****Technical Abstract**** In the course of this project, solid state magnetic resonance techniques will be employed to address questions related to novel magnetic field-induced phases. The systems to be studied are selected molecular superconductors and insulators with non-magnetic ground states, each exhibiting field-induced phases or phenomena with unexplored and unknown properties. These include high-field phases in layered superconductors, in a charge density wave/Spin-Peierls coupled system, and field-induced phenomena or phases in a candidate spin-liquid system. Identification of new forms of order, sometimes expected and long-sought for is the primary aim of the project, and the problems and systems are chosen accordingly. In a related effort, an association between charge ordering and frustration will be explored, with the goal of identifying a pathway to new spin liquid materials using pressure as the tuning parameter. The properties of the molecular crystals chosen for these studies are uniquely applicable to the problems addressed. Signatures for phase transitions will be looked for in the results of NMR spectroscopy and relaxation experiments, and complimentary physical properties measurements will be undertaken as appropriate. Magnetic resonance is often an ideal probe for these problems, because of its compatibility to the required extreme conditions, and because it is a local probe sensitive to the electronic environment through the hyperfine coupling. When possible, the research will be conducted in our laboratory at UCLA, and at the National High Magnetic Field Laboratory (NHMFL) for work requiring higher magnetic fields. The project will support efforts carried out by graduate and undergraduate students alike, who will be well-prepared for further work in academic or industrial laboratories.

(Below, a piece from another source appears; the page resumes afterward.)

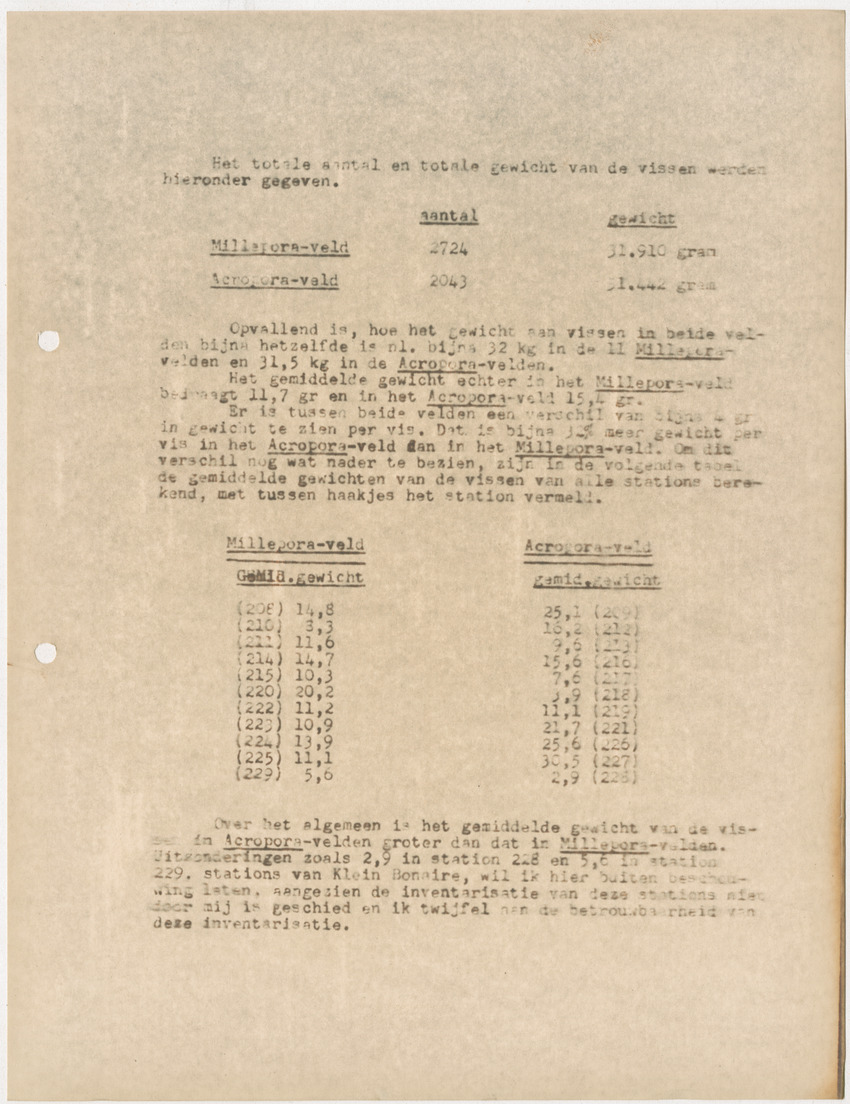 Voorlopig verslag van doctorale studie van W. Nagelkerken over de verschillen tussen Acroporetum-Milleporetum - New Page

The primary aim of this project is the creation and investigation of novel phases of matter produced under extreme conditions, such as high magnetic fields, low temperatures, and high pressures. The specific problems and systems are chosen because of remarkable physical properties that tend to emerge from systems with strong electron-electron interactions and in low-dimensional systems. One such example we will be investigating is the stabilization of novel superconducting phases by high magnetic fields. Varying the non-thermal parameters (magnetic fields and pressure) allow for a continuous tuning of the important interactions, which sometimes leads to emergent properties and phases, as well as providing the conditions under which the material can be studied. Much of the work will be carried using the methods of solid state nuclear magnetic resonance (NMR) at our laboratory at UCLA and at the National High Magnetic Field Laboratory. NMR methods are locally sensitive to the electronic environment at the site of the nucleus under study. Both graduate and undergraduate students will carry out much of the experimental program, and in so doing will develop expertise in cryogenics, high-pressure techniques, and high-power radiofrequency methods, as well as a comprehensive knowledge of materials. Each will be well-prepared for further work in materials-related research or engineering laboratories.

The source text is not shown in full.